What you are asked to do: The records below are to be set down word for word, with every picture left out.

※

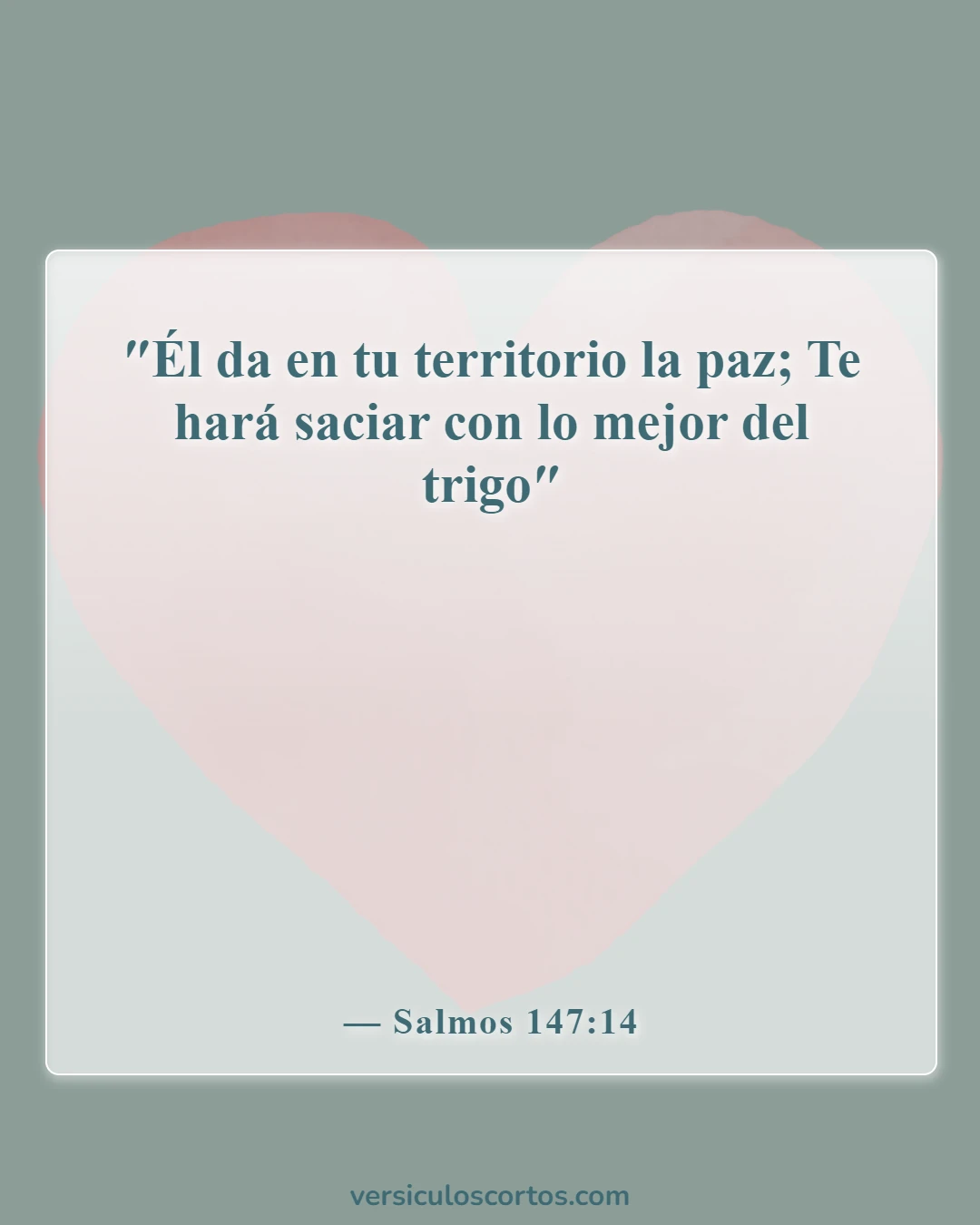 Versículos de la Biblia sobre la paz con Dios (Salmos 147:14)
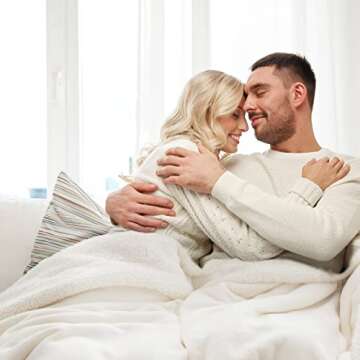 Bedsure Sherpa Fleece Cozy Throw Blanket for Couch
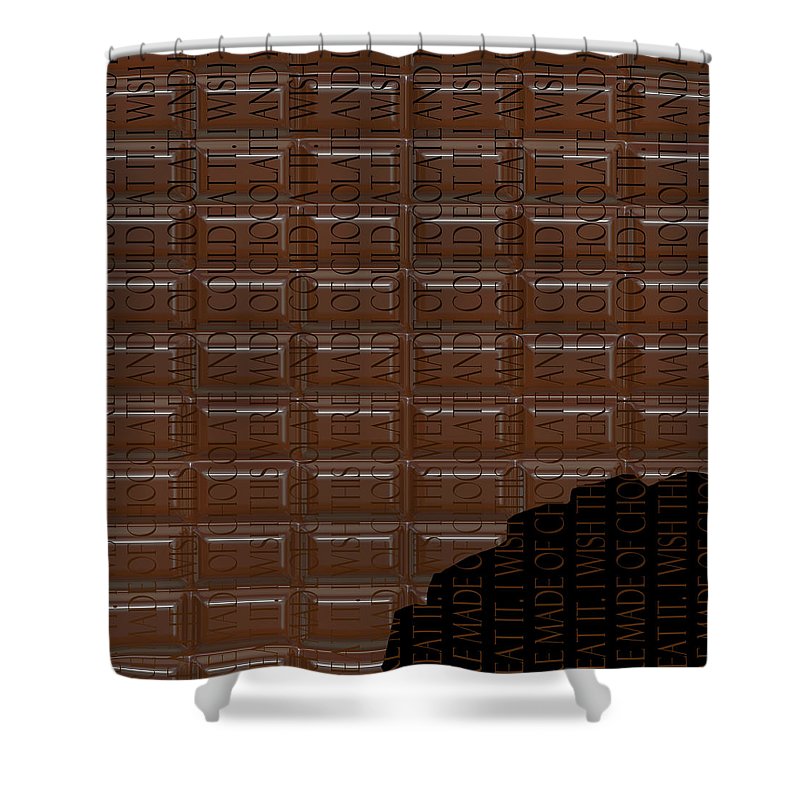 Chocolate Bar - Shower Curtain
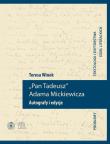 'Pan Tadeusz' Adama Mickiewicza. Autor: Winek Teresa. Dadada.pl Okładka książki 'Pan Tadeusz' Adama Mickiewicza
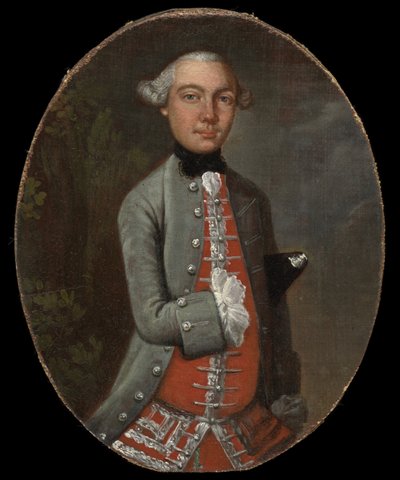 Portræt af en herre, ca. 1745-48 af Thomas Gainsborough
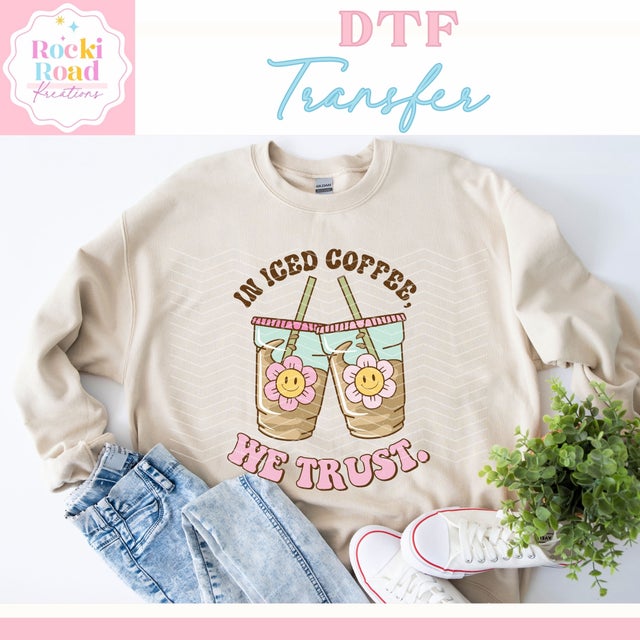 Iced Coffee Is My Therapy - DTF – Krafty Korner Supplies
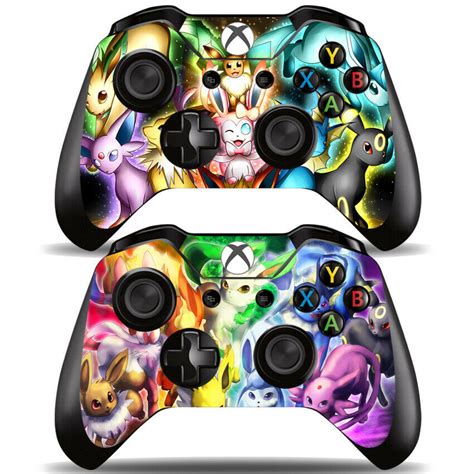 2 Pack Xbox One Controllers Remote Vinyl Skin Decals Stickers Eevee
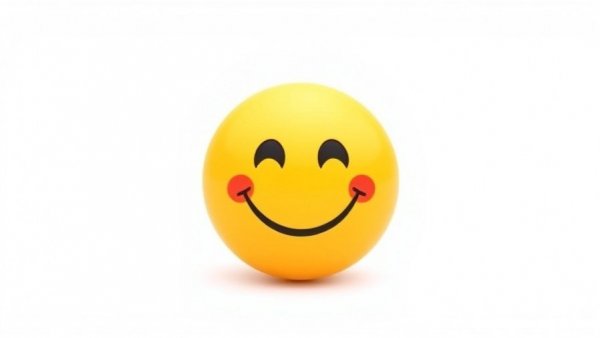 Cheerful emoji representing positivity and simple design.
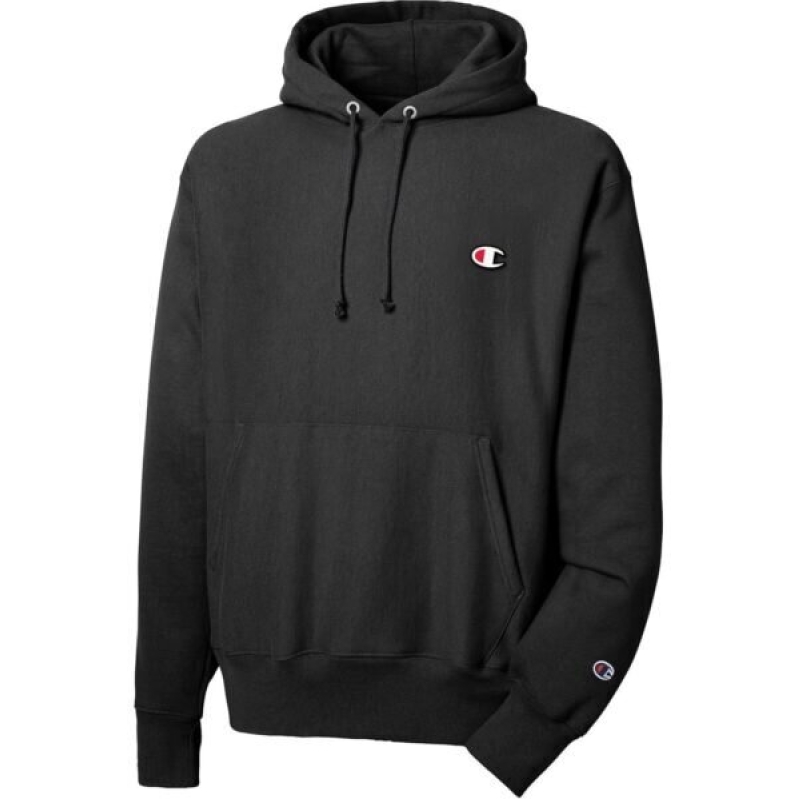 Champion Hoodie - Black Champion Logo Hoodie for Men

※

Task solution:
 Versículos de la Biblia sobre la paz con Dios (Salmos 147:14)
 Bedsure Sherpa Fleece Cozy Throw Blanket for Couch
 Chocolate Bar - Shower Curtain
 'Pan Tadeusz' Adama Mickiewicza. Autor: Winek Teresa. Dadada.pl Okładka książki 'Pan Tadeusz' Adama Mickiewicza
 Portræt af en herre, ca. 1745-48 af Thomas Gainsborough
 Iced Coffee Is My Therapy - DTF – Krafty Korner Supplies
 2 Pack Xbox One Controllers Remote Vinyl Skin Decals Stickers Eevee
 Cheerful emoji representing positivity and simple design.
 Champion Hoodie - Black Champion Logo Hoodie for Men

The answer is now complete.